» **PROBLEM STATEMENT**
Going down the data below, set down exactly the line with "iPhone Bamboo Grove" and each line after it through the line with "M22-L-A Główka lampki"; no other lines.

» **GIVEN DATA**

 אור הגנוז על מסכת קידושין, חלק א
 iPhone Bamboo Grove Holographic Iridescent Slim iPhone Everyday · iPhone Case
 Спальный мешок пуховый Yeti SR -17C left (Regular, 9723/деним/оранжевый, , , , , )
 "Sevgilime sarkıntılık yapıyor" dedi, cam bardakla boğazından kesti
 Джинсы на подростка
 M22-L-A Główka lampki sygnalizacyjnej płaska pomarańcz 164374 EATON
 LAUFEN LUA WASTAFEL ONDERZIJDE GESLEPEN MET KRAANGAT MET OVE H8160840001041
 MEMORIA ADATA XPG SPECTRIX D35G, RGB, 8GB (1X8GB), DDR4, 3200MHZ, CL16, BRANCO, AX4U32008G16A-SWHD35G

» **RESPONSE BOX**
 iPhone Bamboo Grove Holographic Iridescent Slim iPhone Everyday · iPhone Case
 Спальный мешок пуховый Yeti SR -17C left (Regular, 9723/деним/оранжевый, , , , , )
 "Sevgilime sarkıntılık yapıyor" dedi, cam bardakla boğazından kesti
 Джинсы на подростка
 M22-L-A Główka lampki sygnalizacyjnej płaska pomarańcz 164374 EATON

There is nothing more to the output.